Start of RECORDS FOR THIS TASK
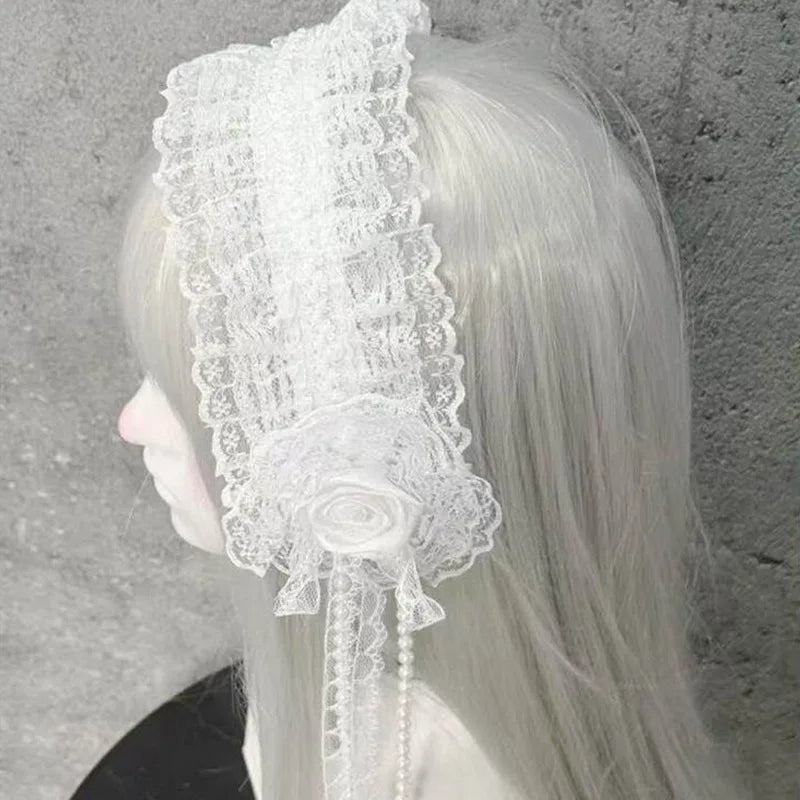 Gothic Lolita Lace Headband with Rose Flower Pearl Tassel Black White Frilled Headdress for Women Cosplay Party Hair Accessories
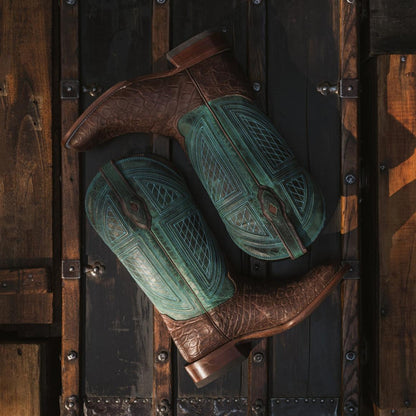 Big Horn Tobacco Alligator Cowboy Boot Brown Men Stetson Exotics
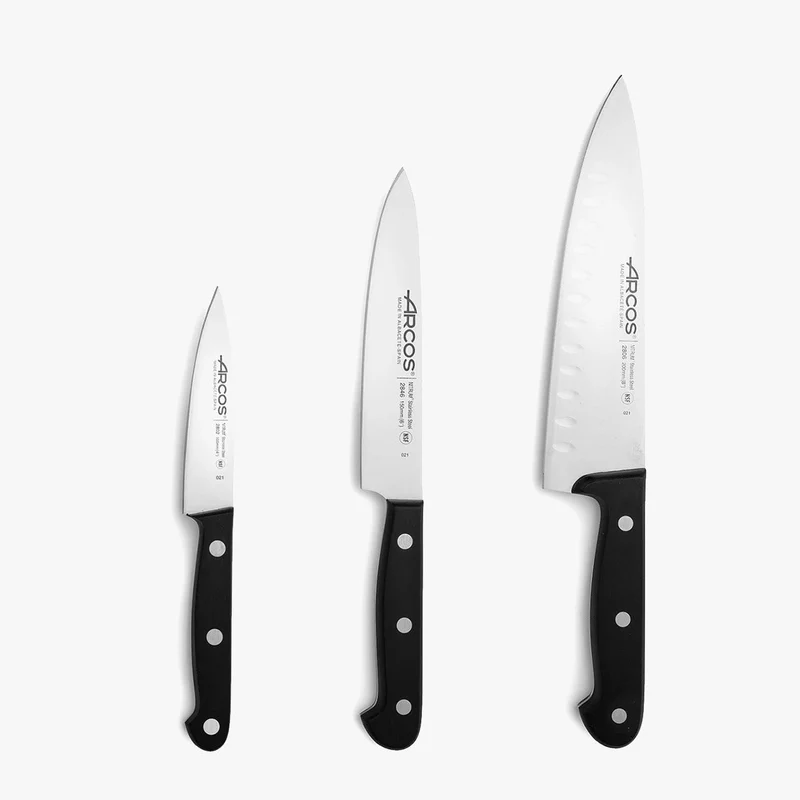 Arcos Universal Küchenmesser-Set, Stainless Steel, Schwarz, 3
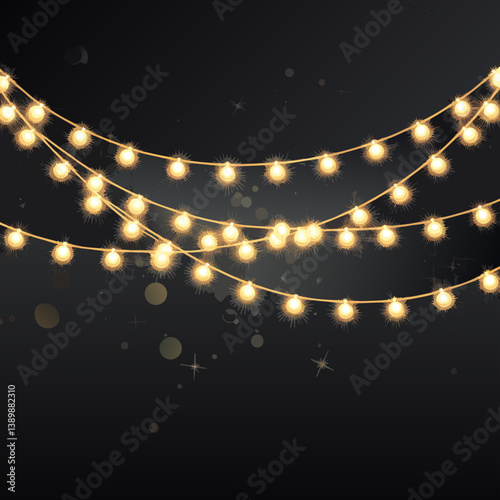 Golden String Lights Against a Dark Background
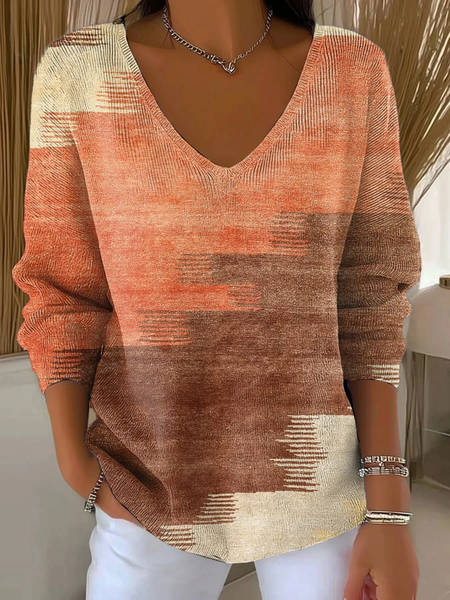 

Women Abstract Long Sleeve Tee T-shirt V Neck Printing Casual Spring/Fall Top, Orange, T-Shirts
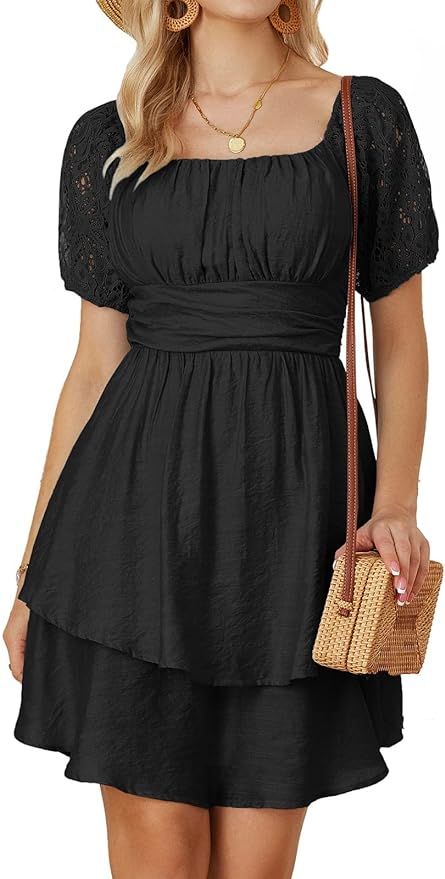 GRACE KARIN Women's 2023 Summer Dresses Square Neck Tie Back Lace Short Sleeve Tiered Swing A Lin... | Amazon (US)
End of RECORDS FOR THIS TASK
== HOW TO COMPLETE THIS TASK ==
For this exercise, return the material word for word and drop each image.

== RESPONSE TO THE TASK ==
 Gothic Lolita Lace Headband with Rose Flower Pearl Tassel Black White Frilled Headdress for Women Cosplay Party Hair Accessories
 Big Horn Tobacco Alligator Cowboy Boot Brown Men Stetson Exotics
 Arcos Universal Küchenmesser-Set, Stainless Steel, Schwarz, 3
 Golden String Lights Against a Dark Background

Women Abstract Long Sleeve Tee T-shirt V Neck Printing Casual Spring/Fall Top, Orange, T-Shirts
 GRACE KARIN Women's 2023 Summer Dresses Square Neck Tie Back Lace Short Sleeve Tiered Swing A Lin... | Amazon (US)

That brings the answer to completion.